Стыдно знатоку с такой на люди показаться! Это уж я по бедности своей никак на новую не наскребу…
– Друг любезный, мне и старенькая сойдет!
– Понимает, что к чему, – объяснил Колобок из сумы. – Прекрасно он сообразил, что за конь, не впервые такого покупает…
– Что ему за корысть? – спросил Жихарь. – Ветхая уздечка рано или поздно порвется, и уйдет Налим, словно рыба сквозь дырявую вершу…
– Хе, – сказал Колобок. – Сперва цыган потешит себя вволю – ведь загнать до смерти водяного коня нельзя, да и покалечиться он не может. А потом продаст его втридорога где–нибудь в полуденных странах какому–нибудь владыке. Среди них такие любители водятся, что жен и детей отдадут в заклад, не говоря уже о державе, чтобы достать себе подобное чудо…
Тем временем торговый договор свершился, поводья Налима были бережно переданы из полы в полу. Цыган Мара начал отсчитывать золотые кругляши, отгоняя цыганят от мешка. Мутило ему охотно помогал в этом.
Не спеша подошел ярмарочный староста Полелюй – приглядеть за добросовестностью расчета, получить причитающееся.
– Налог с продаж – не захочешь, да отдашь! – приговаривал он.
Налог был здесь устроен так хитро, что пришлось доплачивать и Мутиле, и цыгану, что несколько отравило обоим радость от сделки.
Мара, впрочем, быстро утешился, вскочив на новообретенного коня. Толпа раздалась к ограде, и великий наездник показал, на что они в паре с таким скакуном способны. Налим помчался вдоль ограды, прилегая на поворотах к земле, но всадник без седла и стремян держался прочно. Жихарь вспомнил свой собственный страх во время скачки по лесу и покраснел.
Мара тем временем прыгнул коню на спину и стал отбивать чечетку, выкрикивая:
– Ай, жги, черноголовый!
Потом подскочил, перевернулся в воздухе и встал на руки. Налим бежал с прежней резвостью. Заядлые лошадники закричали здравицы коню и всаднику:
такое даже за деньги и на ярмарке не часто увидишь.
– Даже жалко его коня лишать, – сказал Жихарь Колобку. – Уж как я на Мару зол, а все равно жалко. Теперь меня Налим совсем уважать не будет…

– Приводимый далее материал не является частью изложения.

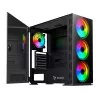 Caixa de PC SAVIO Prime X1 ARGB vidro Midi Tower preta – vidro temperado, ventoinha ARGB, suporte micro ATX/ATX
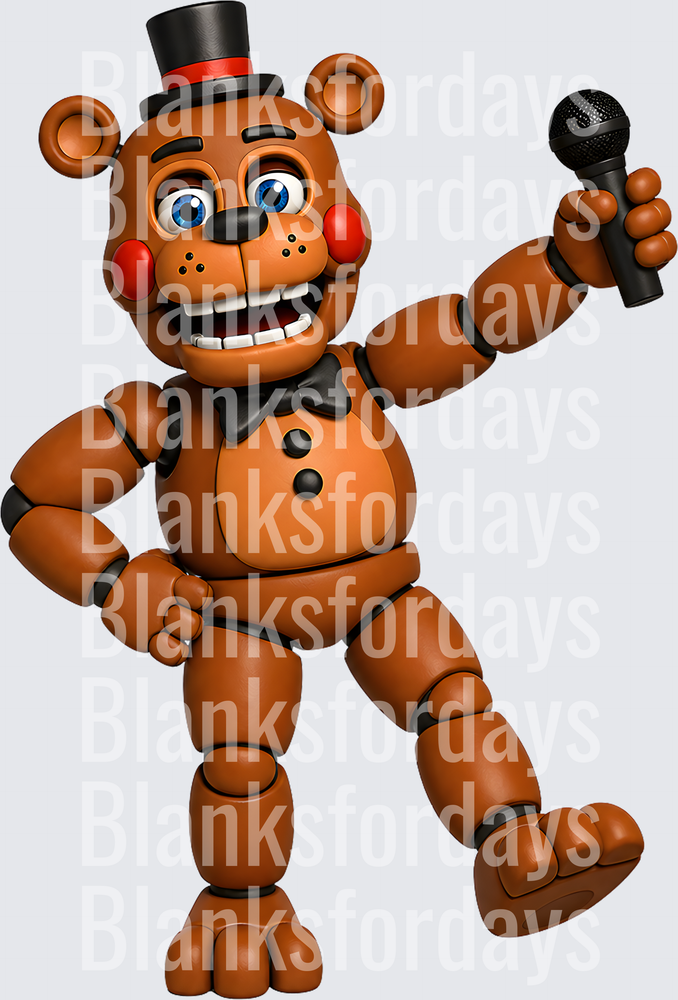 Freddy Fazbear FNAF Animatronic Holding Microphone 3D (DTF)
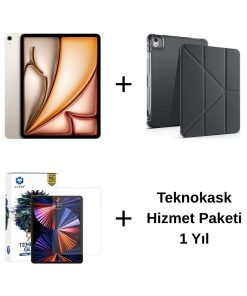 Edu Set 2 iPad Air M3 Yıldız Işığı Zore Siyah Kılıf Lito Ekran Koruyucu Teknokask 1 Yıl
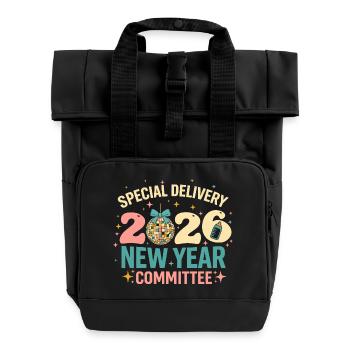 New Year 2020 Disco Committee - Roll Top Backpack with Two Handles - black - Front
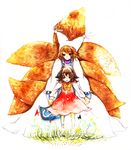  :o absurdres animal_ears aone/yamase_mimu cat_ears chen fox_tail hat highres holding multiple_girls multiple_tails no_hat no_headwear open_mouth smile tail touhou traditional_media watercolor_(medium) yakumo_ran 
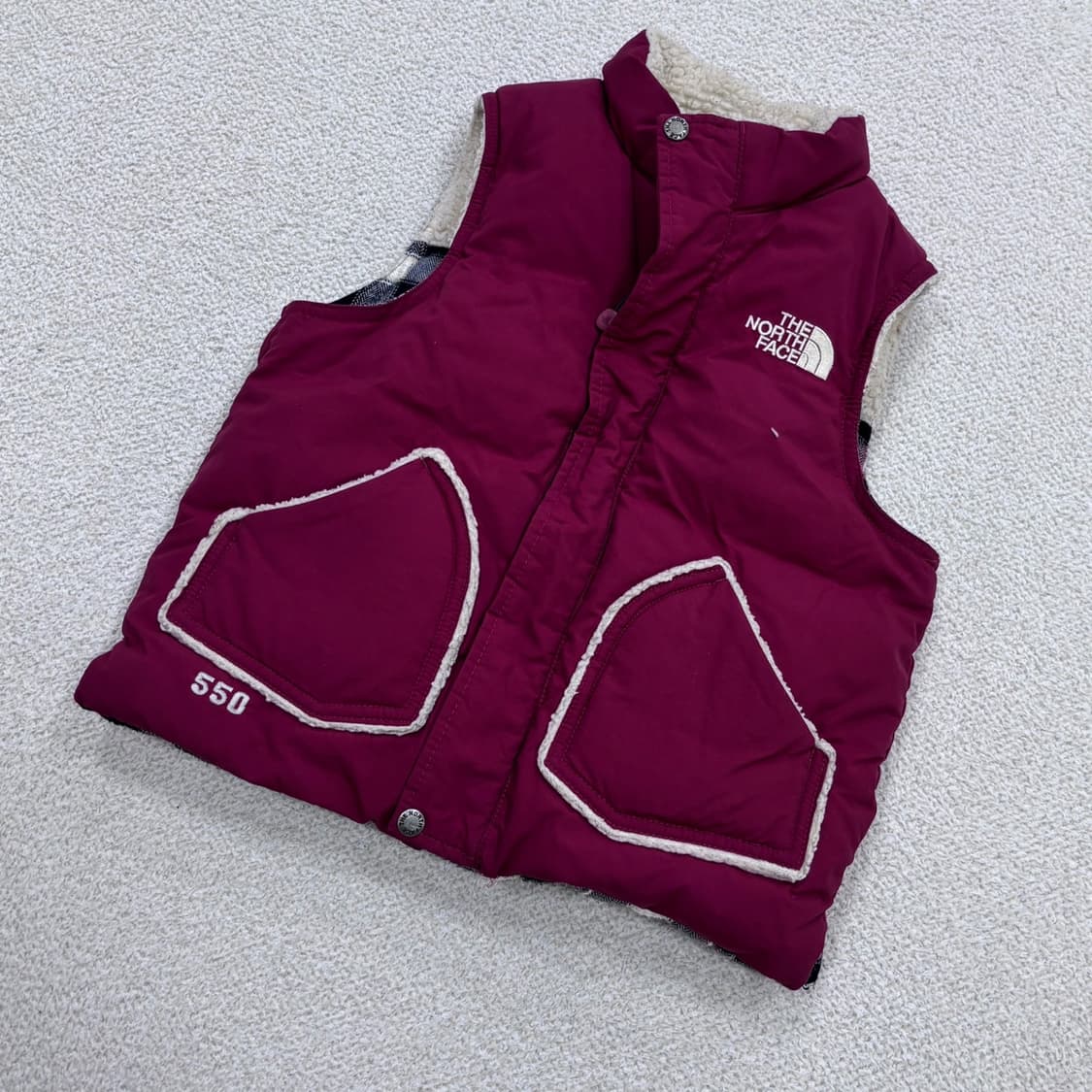 110 노스페이스 키즈 리버시블 조끼 0410E 상품이미지1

– Ничего, – откликнулся Гомункул. – Выучишься со временем не хуже. А проучить его надо, да и Полелюя тоже.
– За что Полелюя–то? Он же честный!
– Он не честный, – вздохнул Колобок. – Он принципиальный.
– Это как?
– А вот так. Принципиальность – это та же честность, только себе на выгоду.
Понял разницу?
Жихарь кивнул. Он и раньше эту разницу понимал, но не знал, как она называется. Теперь узнал.

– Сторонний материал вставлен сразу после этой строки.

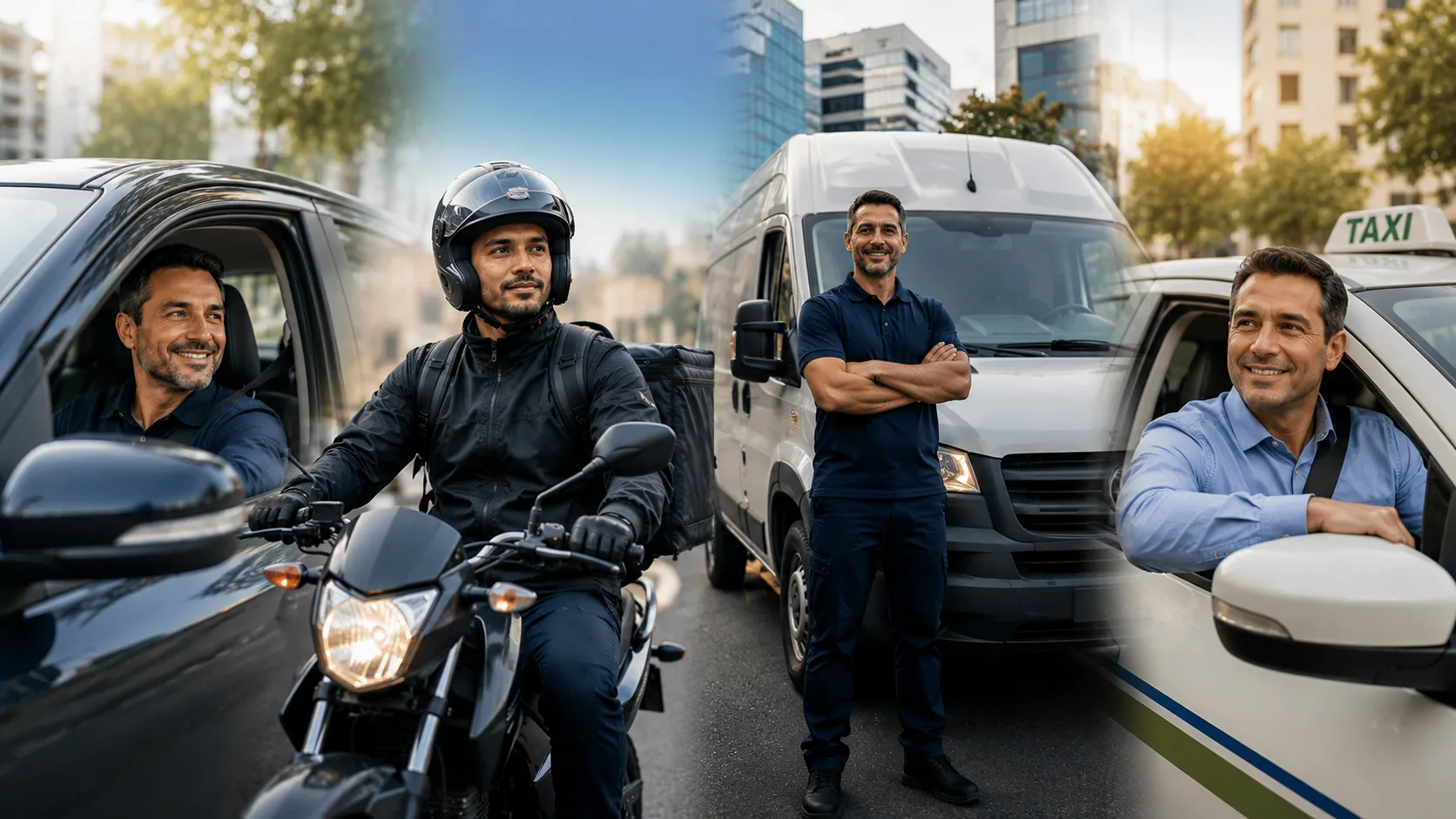 Motoristas, entregador e utilitario representando quem trabalha com veiculo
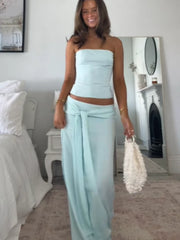 Blue Strapless Tube Top Wrap Tie Up Long Skirt Set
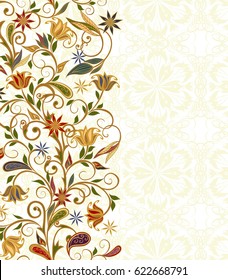 Background in ethnic traditional style. Abstract vintage pattern with decorative flowers, leaves and Paisley pattern in Oriental style.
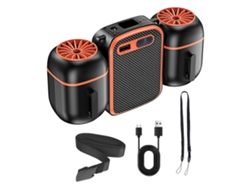 Ventilador De Correa Con Clip, 10000 Mah, Funcionamiento Silencioso, Ideal Para Viajes, Recargable, Apto Para Uso En Exteriores.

Тем временем цыган снова уселся на конскую спину, несколько раз поднял Налима на дыбы, после крикнул Мутиле: «Продешевил, родимый!», – разогнал коня, перемахнул сперва через ограду торга (толпа за оградой раздалась в стороны), потом через куда более высокий частокол, что обычному коню было бы, конечно, не под силу…
– Поминай как звали! – ахнул богатырь.
– Вернется, никуда не денется, – сказал Колобок. – Это конь не притомится, а цыган не железный. Ты давай–ка помоги Мутиле дотащить денежный мешок до постоялого двора и сразу сюда возвращайся. Все делай, как уговорились, понял?
В толпе никого, кстати, не удивило, что дурачок толкует о чем–то с собственной сумой: а с кем ему еще толковать?
Богатырь протолкался к водянику, с кряканьем закинул добычу за спину и под покрасневшими от зависти очами людей потащил к постоялому двору.
Полелюй нагнал их у самого крыльца. Был он уже без стражника и без козла.
– Вот можешь ведь честным быть, если захочешь! – похвалил он водяника. – Всегда бы так.
– Могу, – сказал Мутило. – Хоть под водой, хоть на суше.
– А коня–то жалко, – поддразнил Полелюй.
– Жалко, – сказал Мутило. – Только готов биться об заклад, что конь к вечеру снова наш будет. И без всякого мошенничества, на чистом разуме!
Добром возьмем, по–хорошему!
– Об заклад… – задумался Полелюй. – А велик ли заклад?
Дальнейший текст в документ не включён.